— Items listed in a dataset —
· · · · ·
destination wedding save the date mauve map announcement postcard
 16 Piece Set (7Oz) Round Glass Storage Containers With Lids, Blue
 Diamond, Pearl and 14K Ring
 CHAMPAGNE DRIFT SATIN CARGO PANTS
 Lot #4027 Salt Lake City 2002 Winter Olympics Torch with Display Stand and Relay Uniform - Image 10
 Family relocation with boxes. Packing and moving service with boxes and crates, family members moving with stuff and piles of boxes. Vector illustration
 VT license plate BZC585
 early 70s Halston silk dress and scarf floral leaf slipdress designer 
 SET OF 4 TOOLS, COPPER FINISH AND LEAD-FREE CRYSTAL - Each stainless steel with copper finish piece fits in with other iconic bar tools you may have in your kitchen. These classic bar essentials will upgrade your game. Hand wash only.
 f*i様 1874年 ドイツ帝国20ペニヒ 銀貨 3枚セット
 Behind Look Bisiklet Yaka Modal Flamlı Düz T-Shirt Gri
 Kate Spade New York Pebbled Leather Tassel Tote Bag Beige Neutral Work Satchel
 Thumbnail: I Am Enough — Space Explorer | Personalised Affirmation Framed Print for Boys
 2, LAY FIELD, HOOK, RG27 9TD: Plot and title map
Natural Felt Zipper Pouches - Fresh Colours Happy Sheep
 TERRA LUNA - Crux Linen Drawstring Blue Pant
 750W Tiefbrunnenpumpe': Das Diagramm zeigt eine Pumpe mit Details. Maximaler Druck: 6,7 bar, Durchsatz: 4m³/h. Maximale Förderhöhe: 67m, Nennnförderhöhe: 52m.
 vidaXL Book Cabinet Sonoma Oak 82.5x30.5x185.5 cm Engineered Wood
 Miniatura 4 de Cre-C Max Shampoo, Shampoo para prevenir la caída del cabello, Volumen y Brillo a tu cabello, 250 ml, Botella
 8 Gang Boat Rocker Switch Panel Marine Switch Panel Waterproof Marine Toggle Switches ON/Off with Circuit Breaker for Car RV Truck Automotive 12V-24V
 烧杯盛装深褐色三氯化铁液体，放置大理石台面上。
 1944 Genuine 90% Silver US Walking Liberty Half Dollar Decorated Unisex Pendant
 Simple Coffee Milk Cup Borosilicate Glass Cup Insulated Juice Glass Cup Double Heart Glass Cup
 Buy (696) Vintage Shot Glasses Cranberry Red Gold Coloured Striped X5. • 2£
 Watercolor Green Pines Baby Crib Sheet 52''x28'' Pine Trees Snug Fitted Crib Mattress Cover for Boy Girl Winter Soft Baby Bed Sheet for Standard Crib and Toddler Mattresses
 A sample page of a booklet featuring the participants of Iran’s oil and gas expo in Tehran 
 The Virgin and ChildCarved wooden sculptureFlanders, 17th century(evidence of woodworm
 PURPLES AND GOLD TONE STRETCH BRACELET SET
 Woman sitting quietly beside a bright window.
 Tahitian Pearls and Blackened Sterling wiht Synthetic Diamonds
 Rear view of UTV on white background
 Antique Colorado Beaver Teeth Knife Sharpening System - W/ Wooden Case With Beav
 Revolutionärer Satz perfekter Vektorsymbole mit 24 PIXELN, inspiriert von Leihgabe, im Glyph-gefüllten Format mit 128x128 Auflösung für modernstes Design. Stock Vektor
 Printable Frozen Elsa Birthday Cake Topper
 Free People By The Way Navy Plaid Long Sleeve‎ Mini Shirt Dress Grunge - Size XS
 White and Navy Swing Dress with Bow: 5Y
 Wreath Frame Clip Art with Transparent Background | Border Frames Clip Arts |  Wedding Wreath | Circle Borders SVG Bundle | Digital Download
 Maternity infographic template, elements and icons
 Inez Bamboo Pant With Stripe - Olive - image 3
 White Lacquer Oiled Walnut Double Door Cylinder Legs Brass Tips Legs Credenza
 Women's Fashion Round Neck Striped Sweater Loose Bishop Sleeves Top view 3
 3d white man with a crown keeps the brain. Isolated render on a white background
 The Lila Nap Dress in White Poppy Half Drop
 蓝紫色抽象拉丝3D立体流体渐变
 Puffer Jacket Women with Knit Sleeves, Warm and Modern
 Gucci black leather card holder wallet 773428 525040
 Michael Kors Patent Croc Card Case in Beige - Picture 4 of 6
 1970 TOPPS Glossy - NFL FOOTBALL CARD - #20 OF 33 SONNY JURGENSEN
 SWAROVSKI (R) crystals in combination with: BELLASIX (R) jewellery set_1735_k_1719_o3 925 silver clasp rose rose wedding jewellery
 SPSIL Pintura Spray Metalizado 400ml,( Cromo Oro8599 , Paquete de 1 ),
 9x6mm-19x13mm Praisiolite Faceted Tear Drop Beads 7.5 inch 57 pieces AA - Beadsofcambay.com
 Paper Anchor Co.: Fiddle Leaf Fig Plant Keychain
· · · · ·
— INSTRUCTIONS FOR THE TASK —
What should come out is the exact run of lines from the one holding "A sample page" through the end of the records above, and nothing besides.

— ANSWER TO THIS EXERCISE —
 A sample page of a booklet featuring the participants of Iran’s oil and gas expo in Tehran 
 The Virgin and ChildCarved wooden sculptureFlanders, 17th century(evidence of woodworm
 PURPLES AND GOLD TONE STRETCH BRACELET SET
 Woman sitting quietly beside a bright window.
 Tahitian Pearls and Blackened Sterling wiht Synthetic Diamonds
 Rear view of UTV on white background
 Antique Colorado Beaver Teeth Knife Sharpening System - W/ Wooden Case With Beav
 Revolutionärer Satz perfekter Vektorsymbole mit 24 PIXELN, inspiriert von Leihgabe, im Glyph-gefüllten Format mit 128x128 Auflösung für modernstes Design. Stock Vektor
 Printable Frozen Elsa Birthday Cake Topper
 Free People By The Way Navy Plaid Long Sleeve‎ Mini Shirt Dress Grunge - Size XS
 White and Navy Swing Dress with Bow: 5Y
 Wreath Frame Clip Art with Transparent Background | Border Frames Clip Arts |  Wedding Wreath | Circle Borders SVG Bundle | Digital Download
 Maternity infographic template, elements and icons
 Inez Bamboo Pant With Stripe - Olive - image 3
 White Lacquer Oiled Walnut Double Door Cylinder Legs Brass Tips Legs Credenza
 Women's Fashion Round Neck Striped Sweater Loose Bishop Sleeves Top view 3
 3d white man with a crown keeps the brain. Isolated render on a white background
 The Lila Nap Dress in White Poppy Half Drop
 蓝紫色抽象拉丝3D立体流体渐变
 Puffer Jacket Women with Knit Sleeves, Warm and Modern
 Gucci black leather card holder wallet 773428 525040
 Michael Kors Patent Croc Card Case in Beige - Picture 4 of 6
 1970 TOPPS Glossy - NFL FOOTBALL CARD - #20 OF 33 SONNY JURGENSEN
 SWAROVSKI (R) crystals in combination with: BELLASIX (R) jewellery set_1735_k_1719_o3 925 silver clasp rose rose wedding jewellery
 SPSIL Pintura Spray Metalizado 400ml,( Cromo Oro8599 , Paquete de 1 ),
 9x6mm-19x13mm Praisiolite Faceted Tear Drop Beads 7.5 inch 57 pieces AA - Beadsofcambay.com
 Paper Anchor Co.: Fiddle Leaf Fig Plant Keychain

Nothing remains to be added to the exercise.